Tak przecież będzie. To nie będą konkursy. Jak mówimy o aparacie urzędowym to tylu wiceministrów ilu mamy teraz, nie było jeszcze nigdy.
- Mamy ich więcej niż za rządu Ewy Kopacz? Nie liczyłam, ale ilość ministerstw się zmieniła. Zmieniło się podejście do rządzenia. Mówiąc o ustawie medialnej, docelowo ministerstwo skarbu zniknie. Rząd jest w trakcie organizacji. Nie minęło 100 dni.
Tu zgoda. Nie lepiej było usprawnić procedurę konkursową, żeby rzeczywiście wybierać najlepszych, zamiast likwidować konkursy i decydować się na nominację, utrzymując, że konkursy były fikcją? Takie rozumowanie można doprowadzić do absurdu, że fikcją jest zakaz prowadzenia samochodu po alkoholu, bo i tak jeżdżą pijani. Zlikwidujmy ten zakaz, bo jest fikcją. To absurdalne.
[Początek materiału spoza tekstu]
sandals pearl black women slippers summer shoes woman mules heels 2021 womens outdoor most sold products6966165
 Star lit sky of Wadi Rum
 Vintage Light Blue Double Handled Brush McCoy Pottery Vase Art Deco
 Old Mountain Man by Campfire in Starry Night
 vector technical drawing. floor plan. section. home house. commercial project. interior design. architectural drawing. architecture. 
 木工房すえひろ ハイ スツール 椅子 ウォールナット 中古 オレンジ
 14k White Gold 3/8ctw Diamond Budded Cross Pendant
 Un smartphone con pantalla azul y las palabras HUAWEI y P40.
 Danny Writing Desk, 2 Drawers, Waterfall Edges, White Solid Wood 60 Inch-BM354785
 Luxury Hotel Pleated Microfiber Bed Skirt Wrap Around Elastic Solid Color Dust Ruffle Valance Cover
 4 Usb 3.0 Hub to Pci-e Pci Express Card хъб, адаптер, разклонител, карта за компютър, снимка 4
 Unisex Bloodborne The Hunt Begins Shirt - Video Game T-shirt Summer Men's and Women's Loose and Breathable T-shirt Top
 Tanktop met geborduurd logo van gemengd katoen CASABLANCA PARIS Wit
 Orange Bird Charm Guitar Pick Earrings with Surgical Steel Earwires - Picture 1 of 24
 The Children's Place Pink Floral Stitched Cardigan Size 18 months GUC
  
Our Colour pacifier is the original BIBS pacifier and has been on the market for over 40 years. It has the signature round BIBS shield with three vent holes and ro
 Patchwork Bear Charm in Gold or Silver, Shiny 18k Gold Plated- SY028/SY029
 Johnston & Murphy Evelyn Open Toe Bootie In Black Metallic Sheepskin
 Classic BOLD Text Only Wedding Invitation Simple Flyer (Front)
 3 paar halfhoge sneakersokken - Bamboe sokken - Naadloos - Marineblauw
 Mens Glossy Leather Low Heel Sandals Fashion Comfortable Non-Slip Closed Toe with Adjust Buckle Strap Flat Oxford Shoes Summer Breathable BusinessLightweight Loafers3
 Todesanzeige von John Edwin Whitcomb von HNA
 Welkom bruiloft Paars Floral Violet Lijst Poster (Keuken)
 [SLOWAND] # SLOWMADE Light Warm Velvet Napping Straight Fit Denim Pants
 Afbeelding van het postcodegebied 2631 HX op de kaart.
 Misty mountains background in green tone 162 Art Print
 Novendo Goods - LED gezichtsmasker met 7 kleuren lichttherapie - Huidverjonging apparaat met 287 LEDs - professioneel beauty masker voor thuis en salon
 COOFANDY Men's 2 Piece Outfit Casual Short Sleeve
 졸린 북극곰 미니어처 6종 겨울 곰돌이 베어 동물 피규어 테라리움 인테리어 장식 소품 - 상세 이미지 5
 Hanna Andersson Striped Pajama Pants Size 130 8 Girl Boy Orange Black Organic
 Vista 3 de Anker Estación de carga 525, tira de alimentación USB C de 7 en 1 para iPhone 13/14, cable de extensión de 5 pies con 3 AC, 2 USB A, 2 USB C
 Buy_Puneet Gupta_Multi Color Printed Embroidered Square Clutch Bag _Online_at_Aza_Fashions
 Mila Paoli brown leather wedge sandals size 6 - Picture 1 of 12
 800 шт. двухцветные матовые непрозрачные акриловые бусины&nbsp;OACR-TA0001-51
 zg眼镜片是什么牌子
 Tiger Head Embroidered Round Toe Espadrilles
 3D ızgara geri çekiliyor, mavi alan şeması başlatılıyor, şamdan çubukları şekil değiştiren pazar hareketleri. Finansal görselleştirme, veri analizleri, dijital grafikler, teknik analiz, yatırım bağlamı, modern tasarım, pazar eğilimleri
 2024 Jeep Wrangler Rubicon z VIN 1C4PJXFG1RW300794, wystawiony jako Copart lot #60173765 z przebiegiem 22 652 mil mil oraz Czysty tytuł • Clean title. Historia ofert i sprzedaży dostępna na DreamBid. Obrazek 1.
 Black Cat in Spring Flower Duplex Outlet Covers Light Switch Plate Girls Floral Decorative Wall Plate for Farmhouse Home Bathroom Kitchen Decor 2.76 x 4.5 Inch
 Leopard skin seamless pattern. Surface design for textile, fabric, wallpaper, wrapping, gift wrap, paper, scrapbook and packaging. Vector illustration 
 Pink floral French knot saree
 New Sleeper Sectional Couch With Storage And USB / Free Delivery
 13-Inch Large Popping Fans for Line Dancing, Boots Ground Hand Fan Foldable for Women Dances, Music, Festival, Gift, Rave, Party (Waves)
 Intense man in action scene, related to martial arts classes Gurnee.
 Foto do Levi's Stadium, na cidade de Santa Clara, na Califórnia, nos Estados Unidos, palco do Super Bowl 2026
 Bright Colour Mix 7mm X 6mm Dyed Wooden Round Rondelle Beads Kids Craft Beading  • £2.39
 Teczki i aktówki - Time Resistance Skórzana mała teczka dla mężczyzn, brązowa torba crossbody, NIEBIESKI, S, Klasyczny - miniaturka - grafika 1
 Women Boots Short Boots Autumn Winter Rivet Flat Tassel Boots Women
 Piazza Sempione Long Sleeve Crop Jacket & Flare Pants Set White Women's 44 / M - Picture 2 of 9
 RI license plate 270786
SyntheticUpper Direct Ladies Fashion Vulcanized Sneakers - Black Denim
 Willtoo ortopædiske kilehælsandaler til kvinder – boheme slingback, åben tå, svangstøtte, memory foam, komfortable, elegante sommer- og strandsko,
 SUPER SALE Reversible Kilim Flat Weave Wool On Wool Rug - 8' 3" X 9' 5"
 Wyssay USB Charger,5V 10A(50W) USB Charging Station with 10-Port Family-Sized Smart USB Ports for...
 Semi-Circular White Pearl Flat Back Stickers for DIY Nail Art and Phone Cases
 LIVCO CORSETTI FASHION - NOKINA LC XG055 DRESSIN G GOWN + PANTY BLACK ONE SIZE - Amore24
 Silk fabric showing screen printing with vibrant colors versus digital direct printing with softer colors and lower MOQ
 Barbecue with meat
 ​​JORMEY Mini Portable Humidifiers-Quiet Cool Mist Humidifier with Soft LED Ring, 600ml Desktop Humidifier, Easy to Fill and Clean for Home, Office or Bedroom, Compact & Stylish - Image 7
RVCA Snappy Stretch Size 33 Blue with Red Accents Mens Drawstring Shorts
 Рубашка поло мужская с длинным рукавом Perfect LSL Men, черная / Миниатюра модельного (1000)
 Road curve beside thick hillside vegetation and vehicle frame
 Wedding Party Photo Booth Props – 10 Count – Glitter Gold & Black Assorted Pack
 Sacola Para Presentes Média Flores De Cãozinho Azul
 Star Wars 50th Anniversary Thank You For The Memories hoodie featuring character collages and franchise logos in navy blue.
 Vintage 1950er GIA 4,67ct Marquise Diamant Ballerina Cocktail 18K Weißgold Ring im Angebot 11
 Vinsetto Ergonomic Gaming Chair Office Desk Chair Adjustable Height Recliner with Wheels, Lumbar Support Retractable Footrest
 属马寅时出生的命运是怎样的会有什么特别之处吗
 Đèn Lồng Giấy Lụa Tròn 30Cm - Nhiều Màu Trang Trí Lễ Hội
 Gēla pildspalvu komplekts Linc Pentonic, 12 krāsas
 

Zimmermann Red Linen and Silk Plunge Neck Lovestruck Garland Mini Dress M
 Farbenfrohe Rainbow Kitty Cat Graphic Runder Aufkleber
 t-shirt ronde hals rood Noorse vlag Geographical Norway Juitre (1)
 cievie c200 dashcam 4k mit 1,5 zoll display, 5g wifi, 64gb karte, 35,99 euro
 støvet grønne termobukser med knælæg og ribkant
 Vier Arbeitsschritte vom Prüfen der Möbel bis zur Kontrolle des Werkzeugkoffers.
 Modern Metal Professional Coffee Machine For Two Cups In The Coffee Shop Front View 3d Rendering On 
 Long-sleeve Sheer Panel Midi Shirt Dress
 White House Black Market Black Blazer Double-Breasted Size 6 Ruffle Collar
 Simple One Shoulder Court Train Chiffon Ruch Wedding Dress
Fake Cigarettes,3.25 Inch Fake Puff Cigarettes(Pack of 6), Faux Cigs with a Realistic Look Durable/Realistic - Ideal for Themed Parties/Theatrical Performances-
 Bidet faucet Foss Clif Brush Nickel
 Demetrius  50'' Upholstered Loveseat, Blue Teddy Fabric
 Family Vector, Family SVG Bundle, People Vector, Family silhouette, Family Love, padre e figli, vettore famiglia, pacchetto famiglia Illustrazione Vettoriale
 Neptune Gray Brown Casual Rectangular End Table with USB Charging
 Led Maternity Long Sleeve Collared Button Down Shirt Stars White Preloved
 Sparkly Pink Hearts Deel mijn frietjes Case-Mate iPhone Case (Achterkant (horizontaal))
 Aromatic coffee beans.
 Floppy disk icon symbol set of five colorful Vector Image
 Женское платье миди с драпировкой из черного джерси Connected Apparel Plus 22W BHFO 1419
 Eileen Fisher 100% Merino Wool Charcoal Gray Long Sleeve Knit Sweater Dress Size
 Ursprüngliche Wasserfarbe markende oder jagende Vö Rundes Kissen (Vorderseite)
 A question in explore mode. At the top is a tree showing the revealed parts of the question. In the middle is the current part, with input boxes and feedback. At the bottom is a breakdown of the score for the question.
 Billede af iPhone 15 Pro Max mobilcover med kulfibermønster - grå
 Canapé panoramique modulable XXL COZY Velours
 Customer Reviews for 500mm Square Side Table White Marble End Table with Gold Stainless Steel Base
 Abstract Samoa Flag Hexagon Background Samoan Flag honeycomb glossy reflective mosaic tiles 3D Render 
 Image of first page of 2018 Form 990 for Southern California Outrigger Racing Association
- Absurdalnie porównujemy. Powiem na przykładzie. Można powiedzieć o tym jak przejmowaliśmy władzę. Przychodzi nowy wojewoda i nie może nić zrobić, bo urzędnicy, którzy przyszli w ramach konkursu lub są tam od lat nie wykonują swoich zadań. Wojewoda nie może dobrać sobie żadnego współpracownika. W takiej sytuacji nie mówmy o poprawie ustawy o konkursach. Wojewoda nie może pracować. ZUS nie jest jednostką budżetową. Zmiany, które ta ustawa wprowadza, dotyczą też prezesa ZUS, którego nie ma. Był konkurs, ale jednak wygrała osoba, która nie odpowiadała ówczesnej władzy. To było udawaniem. Trzeba zmian natychmiast. Nie ma to sensu. W moim przekonaniu jest klarowne rozwiązanie.
Zobaczymy jak się to sprawdzi.
- Mam nadzieję, że dobrze i będziemy wykonywać to, co obiecaliśmy Polakom.